My opinion is that McCain clearly win the debate, and here’s why. McCain did a much better job than Opie did in highlighting his positives, while at the same time highlighting Obama’s negatives.

Obama often looked frustrated, but more damaging to him I think, was the appearance of elitism and arrogance that he projected the whole time. Kerry did much of the same, and it didn’t resonate well then either.

Personally, I just think that’s who he is. It’s part and parcel to his mind set and personality, and the more the public sees this, the more they will be turned off. Also, he let McCain run roughshod over him, and then kept hoping that Jim Lehyer would throw him a life line.

Overall, a much more enjoyable debate than anticipated.
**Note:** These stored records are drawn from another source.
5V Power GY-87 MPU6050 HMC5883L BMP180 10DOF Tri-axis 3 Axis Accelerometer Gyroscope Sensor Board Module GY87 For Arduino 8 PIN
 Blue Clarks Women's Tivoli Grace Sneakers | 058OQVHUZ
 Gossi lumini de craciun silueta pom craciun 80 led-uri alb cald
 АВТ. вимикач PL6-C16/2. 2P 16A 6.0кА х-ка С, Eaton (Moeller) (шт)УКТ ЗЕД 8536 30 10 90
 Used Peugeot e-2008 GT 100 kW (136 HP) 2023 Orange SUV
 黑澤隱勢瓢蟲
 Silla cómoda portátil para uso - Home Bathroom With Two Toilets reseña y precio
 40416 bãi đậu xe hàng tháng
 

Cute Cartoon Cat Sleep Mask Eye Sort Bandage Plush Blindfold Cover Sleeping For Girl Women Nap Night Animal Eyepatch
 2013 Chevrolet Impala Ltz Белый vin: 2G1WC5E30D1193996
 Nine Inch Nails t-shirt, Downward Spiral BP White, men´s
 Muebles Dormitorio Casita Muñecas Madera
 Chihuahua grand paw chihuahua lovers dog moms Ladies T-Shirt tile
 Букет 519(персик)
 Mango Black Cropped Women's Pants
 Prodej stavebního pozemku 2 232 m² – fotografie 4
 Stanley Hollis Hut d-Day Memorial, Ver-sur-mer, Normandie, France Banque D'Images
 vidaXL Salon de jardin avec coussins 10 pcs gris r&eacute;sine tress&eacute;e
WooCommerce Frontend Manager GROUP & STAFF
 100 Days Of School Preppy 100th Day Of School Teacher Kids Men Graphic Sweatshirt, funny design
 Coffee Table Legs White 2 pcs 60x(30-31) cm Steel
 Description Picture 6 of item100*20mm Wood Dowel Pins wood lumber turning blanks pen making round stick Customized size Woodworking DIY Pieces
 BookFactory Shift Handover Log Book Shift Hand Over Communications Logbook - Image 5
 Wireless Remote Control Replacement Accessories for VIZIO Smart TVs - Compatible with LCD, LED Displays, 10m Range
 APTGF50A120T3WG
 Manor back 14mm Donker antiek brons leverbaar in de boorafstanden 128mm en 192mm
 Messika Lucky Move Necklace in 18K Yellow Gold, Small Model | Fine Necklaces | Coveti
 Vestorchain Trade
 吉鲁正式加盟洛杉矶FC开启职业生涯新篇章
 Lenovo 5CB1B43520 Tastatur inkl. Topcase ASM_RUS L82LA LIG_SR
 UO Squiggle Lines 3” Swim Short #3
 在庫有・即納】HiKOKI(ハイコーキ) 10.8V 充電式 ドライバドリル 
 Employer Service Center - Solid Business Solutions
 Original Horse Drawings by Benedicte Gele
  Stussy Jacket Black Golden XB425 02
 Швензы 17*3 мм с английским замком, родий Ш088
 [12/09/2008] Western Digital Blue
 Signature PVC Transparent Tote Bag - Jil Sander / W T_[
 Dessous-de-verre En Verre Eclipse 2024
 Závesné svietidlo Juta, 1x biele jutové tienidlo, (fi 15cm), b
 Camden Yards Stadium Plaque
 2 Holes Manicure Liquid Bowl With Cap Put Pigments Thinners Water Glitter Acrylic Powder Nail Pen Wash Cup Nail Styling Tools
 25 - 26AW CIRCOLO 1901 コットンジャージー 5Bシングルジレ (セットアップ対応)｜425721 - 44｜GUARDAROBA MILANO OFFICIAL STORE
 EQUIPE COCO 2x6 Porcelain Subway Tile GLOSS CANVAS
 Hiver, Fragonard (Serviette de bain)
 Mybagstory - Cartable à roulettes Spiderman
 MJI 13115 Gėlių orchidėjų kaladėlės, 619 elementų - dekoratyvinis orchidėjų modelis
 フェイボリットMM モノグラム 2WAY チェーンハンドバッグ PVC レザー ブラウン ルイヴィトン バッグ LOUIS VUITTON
It is amazing how perspective can effect events in retrospect.

uhh…emmm…ehhhh…,?

I listened to that debate and didn’t hear this. Maybe the volume wasn’t up loud enough.

Also, highlighting his positives? The man spent more of his time pointing out Obama’s age/experience than he did answering the questions. The debate is about the topics, not personal attacks…which was what seemed to be coming from McCain especially during the last 30min.

Maybe we should post the transcript?
[/quote]

Lehyer was prompting the two of them the entire time to specifically point out the differences in each others policy and vision. IMHO, McCain answered that call better. McCain highlighted his policy, and illustrated as to why he considered that policy to be better by pointing out what he considered to be serious flaws in his opponents policy and vision. This was in fact, a debate.

And I would hope that McCain would continualy point out the significant age/experience difference between the two. It is in fact, a benefit to McCain to do so. Wouldn’t you? This is not a personal attack, it is a political attack.

If you had 25+ yrs experience in your particular field, with a shit ton of experience, wouldn’t you consider those qualities to be major assets over some wet behind the ears, johnny come lately with only a few years experience?